Novel Hydrocarbon-Based Electrolytes for Fuel Cells

Novel sulfonated polyarylenethioethersulfone (SPTES) polymers have been developed at the Air Force Research Laboratory (AFRL) which are capable of significantly improving the performance and affordability of polymer electrolyte fuel cells. These high molecular weight polymers have an aromatic backbone with high sulfonic acid content along with bulky phenyl-based end-capping agents. These polymers are strong, chemically inert and thermally stable. SPTES polymer system obtained by solvent casting with 50% degree of sulfonation (SPTES-50) exhibited high proton conductivity (> 100mS/cm) at 65 °C and 85% RH. Single cell analysis using a membrane electrode assembly (MEA) has shown high proton mobility.

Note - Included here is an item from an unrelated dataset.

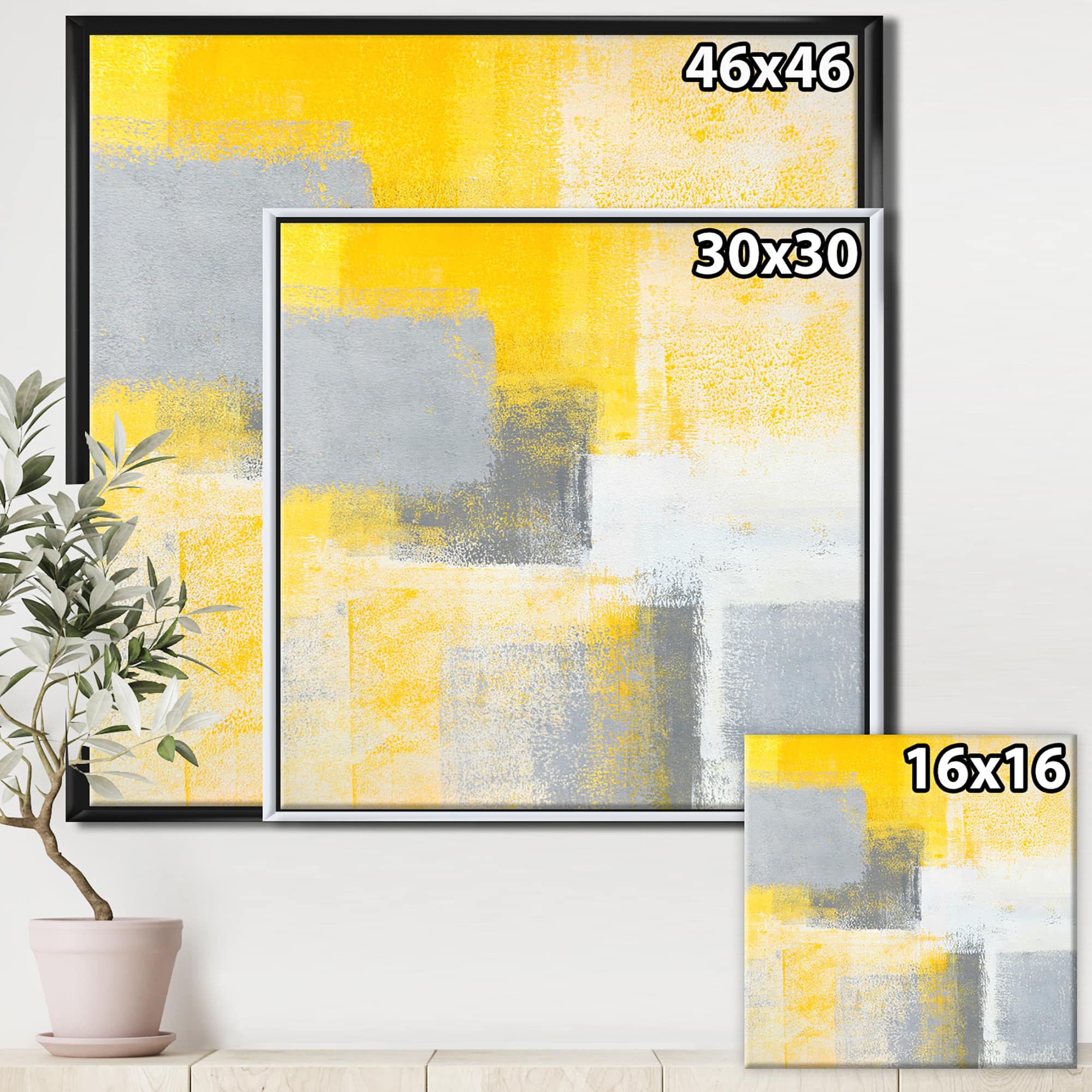 Designart - Grey and Yellow Blue Abstract IXX - Modern Framed Canvas Wall Art Print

One of the drawbacks of this system is the high water uptake at operating conditions. High swelling is potentially detrimental and could weaken its structural integrity during thermal cycling by making it prone to developing microcracks or pores and reducing its durability. In order to overcome this problem, AFRL has developed the next generation SPTES polymer system (6F-SPTES) incorporating hydrophobic moieties onto the thermoplastic backbone to enhance its durability by maintaining high water stability and retaining high ionic conductivity. These polymers exhibit good mechanical, chemical and thermal properties. Electrochemical evaluation was performed using non-linear regression analysis to obtain Tafel parameters. Tafel parameters obtained indicate electrochemical performance comparable to Nafion. Catalyst utilization for 6F-SPTES MEAs using conventional electrode inks with perfluorinated binders was similar to that exhibited by Nafion. Overall fuel cell performance was on par with Nafion at both low and high temperatures. The high thermal stability and high intrinsic proton conductivities of 6F-SPTES-50 qualify these polymers to be potential alternatives to Nafion as electrolyte separators for fuel cells.